No depoimento, Delgatti respondeu ao advogado de Zambelli esclarecendo que ele mesmo teve a ideia de invadir o sistema do CNJ para emitir um mandado de prisão falso de Alexandre de Moraes em nome do próprio ministro.
A ideia seria expor o documento publicamente para ficar claro que era uma ordem falsa de prisão, o que evidenciaria a fragilidade de um dos sistemas da Justiça.
“É perfeito pra mostrar que realmente alguém invadiu, porque salvo melhor juízo, em hipótese alguma ele [Moraes] iria mandar [prender] ele mesmo. Então essa ideia, realmente quem teve fui eu.
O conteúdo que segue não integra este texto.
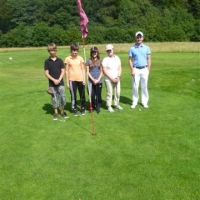 Golf Camp 2012_106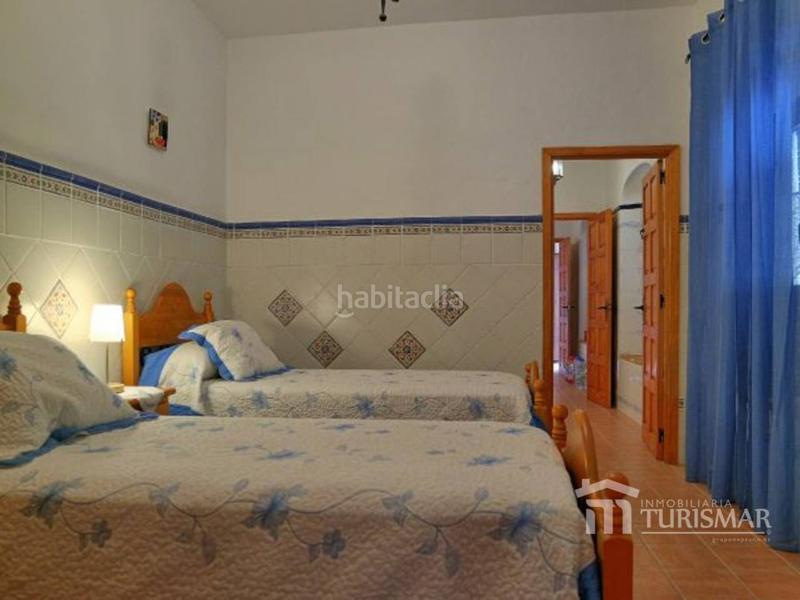 Foto bc1b003c-1f04-4798-b708-446ddcd3ed20. Maison dans transversal arrecife 1 dans Ayamonte ciudad Ayamonte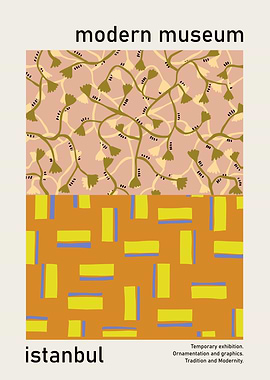 modern museum istanbul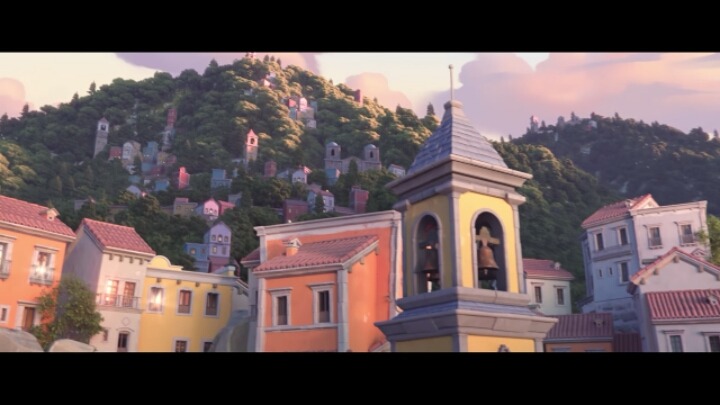 [오버워치] 솜브라와 솔져:76의 접점: 솔져가 구한 아이는 솜브라였다? | 인스티즈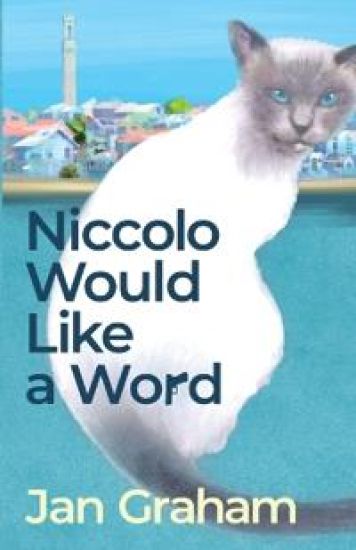Niccolo Would Like a Word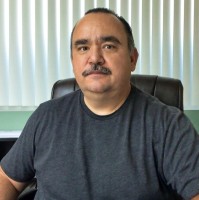 Rigoberto Cordero
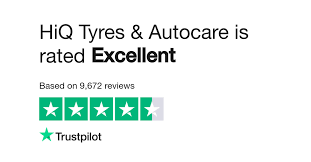 HiQ Tyres & Autocare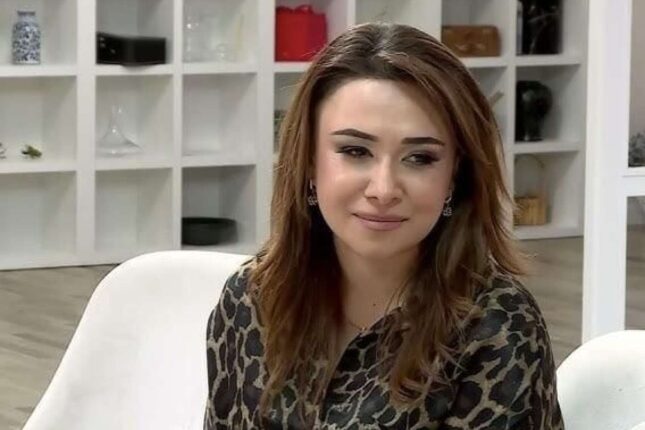 “Anam bilir ki, atamı sevmirəm”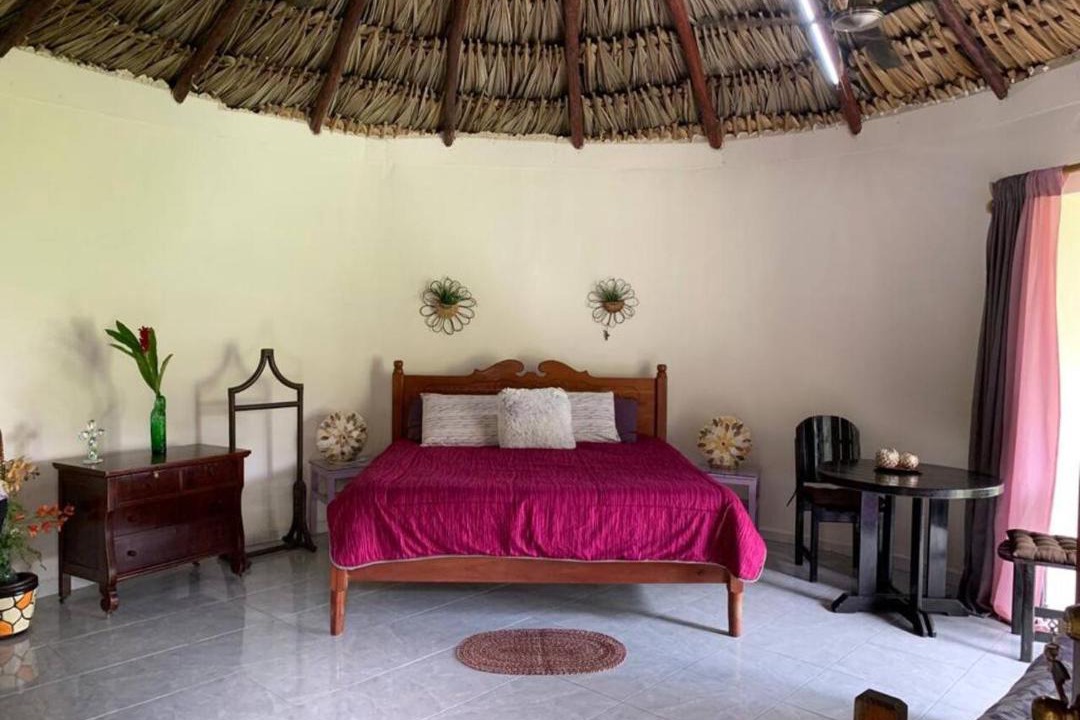 Photo of Bedroom in Centro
E ela [Zambelli] chancelou essa ideia”, disse o hacker.
No depoimento, a defesa da deputada ainda questionou Delgatti se ela teria o incentivado a emitir o mandado de prisão, emitido em 4 de janeiro de 2023 e publicado na imprensa na mesma ocasião. “Ela me incentivou no todo, eu, eu fiz, eu tive a ideia por incentivação dela, não incentivação da ideia”, disse Delgatti.
A defesa de Zambelli sustenta que Delgatti é um “mitômano”, ou seja, um mentiroso contumaz, e que mentiu ao atribuir a ela o pedido para emitir o mandado de prisão.
“Ele deu 6 versões diferentes. E mente e inventa a cada vez. A palavra dele de nada vale”, disse à Gazeta do Povo o advogado de Zambelli, Daniel Bialski. Ele informou que, no recurso que pretende apresentar ao próprio STF contra a condenação, vai expor essas contradições do hacker, que foram omitidas nos votos pela condenação.
Na acusação contra Zambelli, a Procuradoria-Geral da República (PGR) apresentou como prova o relacionamento travado pela deputada com o hacker entre agosto de 2022 e o início de 2023. Ela chegou a levá-lo para um encontro com Bolsonaro em Brasília e para uma reunião com o presidente do PL, Valdemar Costa Neto. No processo, Zambelli disse que contratou o hacker para prestar serviços para seu site.
Junto com Delgatti, Zambelli foi condenada a 10 anos de prisão, com perda do mandato e inelegibilidade por mais 8 anos após o cumprimento da pena. A defesa já anunciou que tentará uma prisão domiciliar, em razão de condições frágeis de saúde da deputada.